Relative performance (RP) measures how a stock is performing relative to a specific market or index. Momentum analysis of a stock’s RP is one of our favorite ways to measure a stock’s health, notes technical expert Mike Cintolo, editor of Cabot Growth Investor.

A stock that holds its value during a declining market often soars once the market turns higher. In a strong bull market, most stocks will rise, even the stocks of weak companies! But you should concentrate your efforts on the best companies with the strongest stocks, the market’s leaders. The way to find them is by analyzing RP lines.

Relative Performance Calculation

Specifically, Relative Performance is calculated by dividing the Friday closing price of a stock by the Friday close of an index. (We use the broad Wilshire 5000.) The weekly changes are then plotted on a line graph, using a log scale—this is called the RP line.

When an RP line is moving upward, the stock is outperforming the market. When it’s moving downward, the stock is underperforming the market. A flat RP line indicates the stock’s performance is equal to the market’s.

chart 1

In general, we like to see a minimum of 13 weeks of outperformance (an uptrending RP line) before we consider buying a stock. Once this condition has been met, we conclude the stock has positive momentum. If a company has a compelling fundamental story and strong positive momentum, it’s a candidate for purchase.

What constitutes strong momentum? When a stock has a powerful RP line, its corrections will be brief, lasting just a week or two. The longer the Relative Performance correction, the weaker the situation. There’s nothing more positive than an RP line that’s hitting new highs!

In general we’ll consider selling a stock if it underperforms the market for eight weeks or longer. But there are other considerations. How deep (or shallow) has the correction been? Has the stock been declining on heavy trading volume (a big negative)? Is it holding up in an area of price support? RP analysis is extremely important, but it’s not done in a vacuum. There are other considerations.

Let’s look at a few examples.

Relative Performance (RP) Analysis

chart 2

Above, you can see a stock that’s been strongly outperforming the market for quite some time. In the last year, the stock has nearly doubled! And if you used RP analysis as the basis for buying and holding this stock, you would have profited handsomely, as there was no way you could have sold your position given the persistence of the advance.

chart 3

The chart above shows a positive situation that developed in one of today’s best growth stocks more than a decade ago. Amazon (AMZN) rallied nicely into May 2002 before it corrected for more than two months.

But here’s the key: As the stock began to bounce, the RP line reached new highs many weeks ahead of the price—a sign the stock’s sponsorship and momentum was strong. Sure enough, shares continued higher and went on to big gains in the year ahead.

chart 4

Now consider the above chart, which shows the opposite situation. After a long uptrend, the stock hit a new price and RP peaks in November 2010. All was well.

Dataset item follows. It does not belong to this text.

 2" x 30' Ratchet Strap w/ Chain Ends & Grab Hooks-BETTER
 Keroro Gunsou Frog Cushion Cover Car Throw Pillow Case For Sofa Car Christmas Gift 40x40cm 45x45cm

But after months of consolidation, the stock tried to hit new highs in July 2011 … but the RP line did not conform. A negative divergence! Sure enough, the stock itself faded from there and eventually fell more than 30%.

Interpreting Relative Performance lines is as much an art as it is a science. But to any serious investor, it’s worth the effort. It gives you the conviction to stay with a stock rather than selling for a quick profit. It helps you identify the strongest growth stocks in both weak and strong markets. And it gives you advance notice that a stock is weakening.